The secondary outcomes support the conclusion of the primary outcome. In line with prior findings [20, 21], the superiority of DG in four of five scales at t3 is very short. It is clinically relevant for therapeutic side effects (six points, p < 0.001) and perhaps relevant for pain (four points, p = 0.001) and physical functioning (three points, p < 0.001). A pain increase needs three points for clinical relevance, but a decrease needs five. The circumstances are similar for physical functioning [27].

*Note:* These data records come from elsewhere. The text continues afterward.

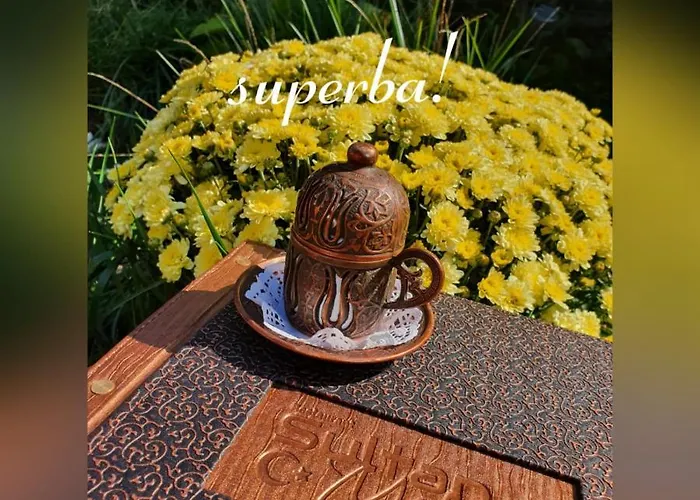 Sultan Mehmet & Restaurant 3* Braşov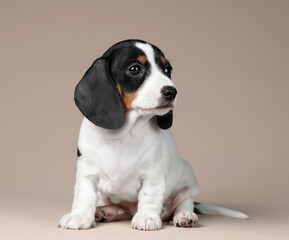 Cute little dachshund puppy on a beige background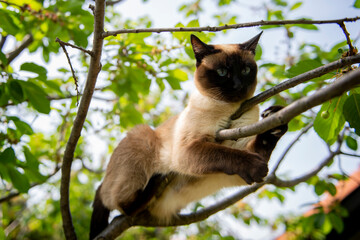 Siamese cat climbing on the tree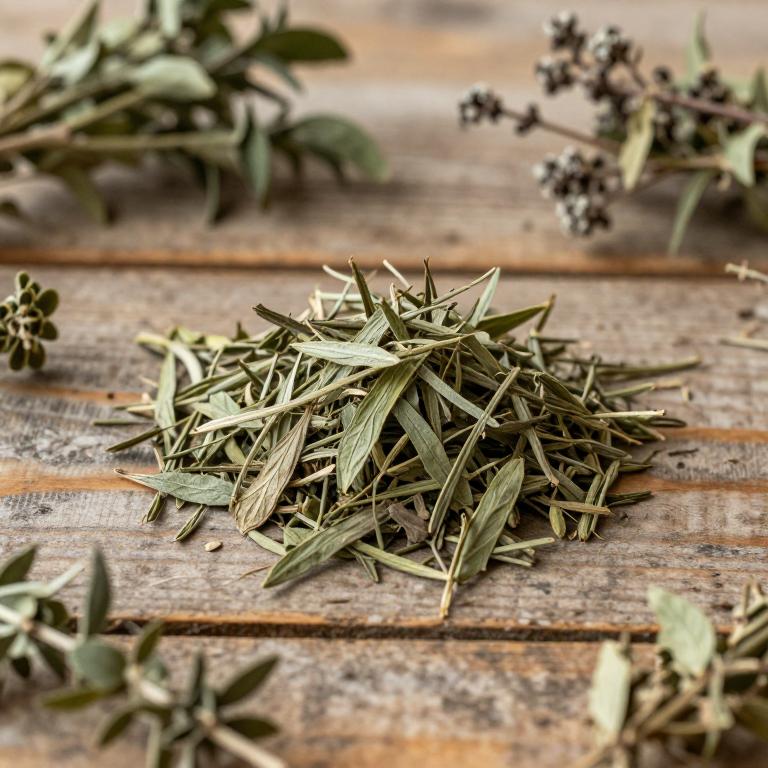 Senega molluginifolia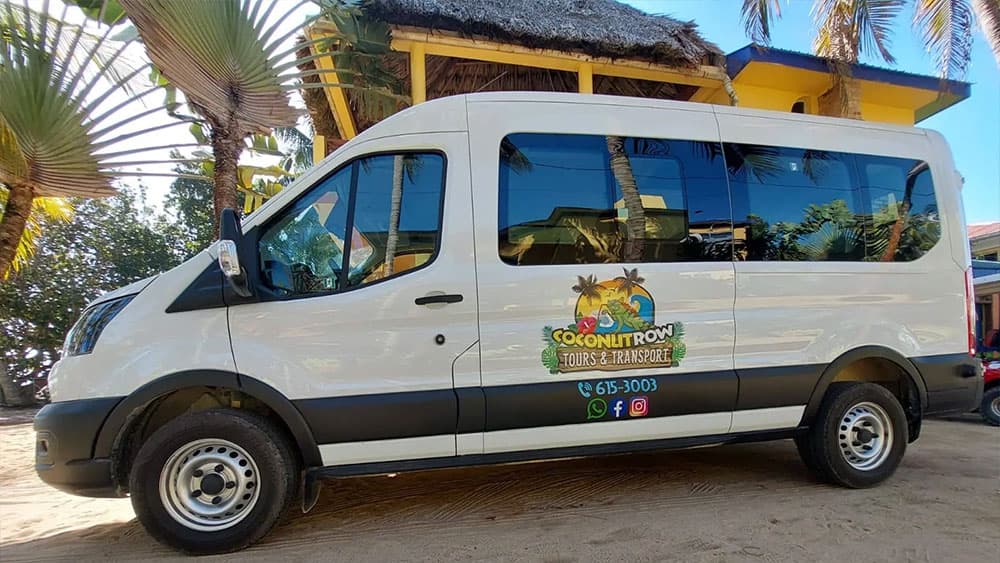 A white van with "Coconut Row Tours & Transport" branding parked near palm trees and a colorful building.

A strength of this study is that four independent institutions collected and analysed representative nationwide data with regular quality checks during the study and a thorough final validation after a long-term follow-up was carried out. The separate responsibilities for randomisation, allocation concealment, data management, data collection, and blinded analysis minimised influences of potential conflicts of interest. Each institution counter-checked the information transmitted by the others.

We were the first to compare the one-year evolution of QoL between a taxane-Gemcitabine combination and a single-agent taxane after prior anthracycline treatment [10,11,12, 15]. The improvement that we found with both regiments was stronger and more persistent than in studies comparing other treatments [20,21,22]. This could be due to the superiority of anthracycline combinations followed by taxanes or to our non-chemotherapeutic modalities, such as bisphosphonates. Future clinical trials may address these important hypotheses.

Adding to the disagreement of prior studies regarding recurrence-free survival [10,11,12, 15], in the SUCCESS‑A trial we found that it was equal in the FEC-D and FEC-DG arms [13]. We also found that more haematologic toxicities, a need for granulocyte colony-stimulating factor, and dose reductions with FEC-DG [9] disagree with the better QoL related to side effects of therapy at t3 with this treatment. Perhaps neuropathy, arthralgia, and bone pain, which are more frequent with FEC-D [9], influence QoL more strongly than the former.

Taken together, we favour taxane therapies without Gemcitabine after prior anthracycline treatment because of equal survival [10,11,12,13, 15], fewer hematologic toxicities and need for adaptations, [9] and equal QoL. Thereby, we challenge prior recommendations favouring combination therapies [14, 15].